And he created the woman, a part-ner of man, taken from one of his ribs because she is equal in dignity with him, created in the image and likeness of God. In fact, she is the most beautiful of his creation, being the last and most perfect!
During his recent concert in the country, U2’s Bono praised the women and human rights activists in the country, dedicating to them their song “Beautiful Day”.
“Human rights drown out human wrongs, that’s a beautiful day. When sisters around the world go to school with their brothers, that’s a beautiful day. When journalists don’t have to worry about what they write, that’s a beautiful day. When women of the world unite to rewrite history as herstory, that is a beautiful day.”
Bono from news reports
Because of Mary and Elizabeth, we now have that beautiful day of the year, Christmas that led to the most beautiful day of all, Easter.
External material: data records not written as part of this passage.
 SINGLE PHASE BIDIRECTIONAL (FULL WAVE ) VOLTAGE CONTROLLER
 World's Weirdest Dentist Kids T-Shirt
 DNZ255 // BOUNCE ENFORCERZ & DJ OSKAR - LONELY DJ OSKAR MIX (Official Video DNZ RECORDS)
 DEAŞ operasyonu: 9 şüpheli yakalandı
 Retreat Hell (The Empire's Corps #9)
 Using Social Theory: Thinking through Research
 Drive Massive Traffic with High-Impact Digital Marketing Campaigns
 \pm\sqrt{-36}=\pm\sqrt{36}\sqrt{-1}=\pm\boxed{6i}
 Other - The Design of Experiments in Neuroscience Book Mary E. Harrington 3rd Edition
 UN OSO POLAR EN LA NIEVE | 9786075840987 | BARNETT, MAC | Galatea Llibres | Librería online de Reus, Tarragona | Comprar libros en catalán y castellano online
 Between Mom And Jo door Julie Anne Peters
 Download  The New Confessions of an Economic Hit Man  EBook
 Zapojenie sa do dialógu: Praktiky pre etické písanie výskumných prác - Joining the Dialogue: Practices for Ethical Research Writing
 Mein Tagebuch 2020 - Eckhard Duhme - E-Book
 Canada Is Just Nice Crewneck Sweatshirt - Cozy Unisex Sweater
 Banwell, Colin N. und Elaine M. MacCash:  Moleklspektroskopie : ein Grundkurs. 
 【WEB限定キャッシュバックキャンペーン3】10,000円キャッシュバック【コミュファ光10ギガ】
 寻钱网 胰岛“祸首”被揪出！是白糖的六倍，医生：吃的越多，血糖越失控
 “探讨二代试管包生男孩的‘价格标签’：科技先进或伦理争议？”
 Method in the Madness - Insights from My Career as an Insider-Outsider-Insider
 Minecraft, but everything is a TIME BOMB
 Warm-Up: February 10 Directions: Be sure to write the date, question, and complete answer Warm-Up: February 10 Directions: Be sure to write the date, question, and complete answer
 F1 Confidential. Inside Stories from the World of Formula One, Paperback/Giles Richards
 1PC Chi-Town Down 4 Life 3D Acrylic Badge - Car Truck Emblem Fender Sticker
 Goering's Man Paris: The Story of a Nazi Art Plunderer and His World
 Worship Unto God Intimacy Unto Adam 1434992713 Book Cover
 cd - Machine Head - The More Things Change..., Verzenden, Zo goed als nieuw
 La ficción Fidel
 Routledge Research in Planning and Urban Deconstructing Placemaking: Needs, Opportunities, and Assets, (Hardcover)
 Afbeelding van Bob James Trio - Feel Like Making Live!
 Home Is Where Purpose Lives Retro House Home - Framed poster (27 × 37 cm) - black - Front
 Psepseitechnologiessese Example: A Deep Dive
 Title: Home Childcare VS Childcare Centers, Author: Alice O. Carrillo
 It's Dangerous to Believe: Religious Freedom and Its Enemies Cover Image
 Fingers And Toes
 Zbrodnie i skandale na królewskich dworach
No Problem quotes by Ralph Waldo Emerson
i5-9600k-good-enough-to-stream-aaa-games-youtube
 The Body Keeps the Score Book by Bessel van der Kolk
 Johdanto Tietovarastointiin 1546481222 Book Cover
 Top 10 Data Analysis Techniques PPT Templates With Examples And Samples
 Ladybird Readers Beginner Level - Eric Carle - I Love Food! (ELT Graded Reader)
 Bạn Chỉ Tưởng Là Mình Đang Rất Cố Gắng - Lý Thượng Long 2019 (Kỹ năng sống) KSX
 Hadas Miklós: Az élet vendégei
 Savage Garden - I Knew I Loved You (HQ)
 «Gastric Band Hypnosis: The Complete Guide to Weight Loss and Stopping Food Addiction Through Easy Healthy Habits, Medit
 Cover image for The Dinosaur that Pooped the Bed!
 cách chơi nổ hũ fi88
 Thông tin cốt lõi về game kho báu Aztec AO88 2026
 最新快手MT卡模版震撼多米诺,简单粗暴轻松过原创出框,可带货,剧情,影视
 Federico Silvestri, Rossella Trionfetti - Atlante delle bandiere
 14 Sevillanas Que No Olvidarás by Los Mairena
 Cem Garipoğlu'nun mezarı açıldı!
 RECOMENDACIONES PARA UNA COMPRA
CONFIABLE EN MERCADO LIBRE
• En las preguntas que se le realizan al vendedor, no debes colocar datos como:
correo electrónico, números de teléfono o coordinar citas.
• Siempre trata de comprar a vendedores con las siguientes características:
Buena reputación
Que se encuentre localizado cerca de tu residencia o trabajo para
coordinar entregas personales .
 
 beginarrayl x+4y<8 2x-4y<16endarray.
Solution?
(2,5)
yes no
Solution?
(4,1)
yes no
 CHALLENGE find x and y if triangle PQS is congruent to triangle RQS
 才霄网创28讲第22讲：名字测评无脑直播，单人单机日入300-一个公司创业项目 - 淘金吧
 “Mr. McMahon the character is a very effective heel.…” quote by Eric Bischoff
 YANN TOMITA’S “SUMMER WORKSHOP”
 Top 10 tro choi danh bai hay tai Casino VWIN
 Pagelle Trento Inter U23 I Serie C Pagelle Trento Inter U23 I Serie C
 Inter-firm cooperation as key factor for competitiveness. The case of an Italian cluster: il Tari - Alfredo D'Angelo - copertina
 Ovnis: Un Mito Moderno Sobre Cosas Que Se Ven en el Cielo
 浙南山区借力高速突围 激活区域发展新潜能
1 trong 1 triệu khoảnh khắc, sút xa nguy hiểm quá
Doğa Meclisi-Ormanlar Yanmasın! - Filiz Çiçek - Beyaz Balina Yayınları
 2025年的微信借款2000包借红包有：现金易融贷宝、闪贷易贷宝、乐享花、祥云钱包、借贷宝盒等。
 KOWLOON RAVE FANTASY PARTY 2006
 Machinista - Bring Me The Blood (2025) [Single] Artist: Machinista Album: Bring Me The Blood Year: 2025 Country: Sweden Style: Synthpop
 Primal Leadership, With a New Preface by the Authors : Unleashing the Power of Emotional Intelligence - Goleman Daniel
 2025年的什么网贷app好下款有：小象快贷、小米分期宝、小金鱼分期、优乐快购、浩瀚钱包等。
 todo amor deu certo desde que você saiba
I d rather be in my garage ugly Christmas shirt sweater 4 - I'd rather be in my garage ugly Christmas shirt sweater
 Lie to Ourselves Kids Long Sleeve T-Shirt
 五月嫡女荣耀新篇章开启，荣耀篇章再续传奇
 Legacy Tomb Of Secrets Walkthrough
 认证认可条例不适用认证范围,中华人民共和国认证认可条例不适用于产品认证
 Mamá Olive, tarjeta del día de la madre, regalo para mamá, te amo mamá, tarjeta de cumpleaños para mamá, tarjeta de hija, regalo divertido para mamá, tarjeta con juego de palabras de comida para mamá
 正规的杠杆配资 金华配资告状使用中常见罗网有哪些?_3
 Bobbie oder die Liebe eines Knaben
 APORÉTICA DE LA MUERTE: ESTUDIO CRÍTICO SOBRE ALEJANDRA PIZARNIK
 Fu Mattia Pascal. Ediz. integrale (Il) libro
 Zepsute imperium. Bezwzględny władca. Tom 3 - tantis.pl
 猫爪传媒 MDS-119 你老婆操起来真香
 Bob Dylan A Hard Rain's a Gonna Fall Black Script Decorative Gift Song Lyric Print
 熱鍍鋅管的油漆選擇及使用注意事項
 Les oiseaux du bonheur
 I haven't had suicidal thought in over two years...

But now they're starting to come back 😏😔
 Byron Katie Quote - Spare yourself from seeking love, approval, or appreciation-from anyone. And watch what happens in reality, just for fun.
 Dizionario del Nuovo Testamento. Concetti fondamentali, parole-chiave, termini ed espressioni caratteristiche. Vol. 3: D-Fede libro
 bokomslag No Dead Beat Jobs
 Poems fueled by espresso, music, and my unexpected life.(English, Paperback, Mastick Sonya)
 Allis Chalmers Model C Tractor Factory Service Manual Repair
In a fitting rejoinder to our gospel today, another woman the other day gave us a beautiful day to celebrate justice and democracy in the country when Quezon City RTC Judge Jocelyn Solis-Reyes convicted Datu Andal Ampatuan Jr. and other members of his influential clan for the murder of 57 people in the Maguindanao massacre that happened ten years ago.
Throughout history, we have seen that it has always been the women who make it happen for us all to have a beautiful day because they are the ones who bring life, who nurture life, who deepen life.
Let us make each day more beautiful by loving and caring always especially for those special women in our lives who have shown us the beauty and meaning of life, beginning with our own mother. Amen.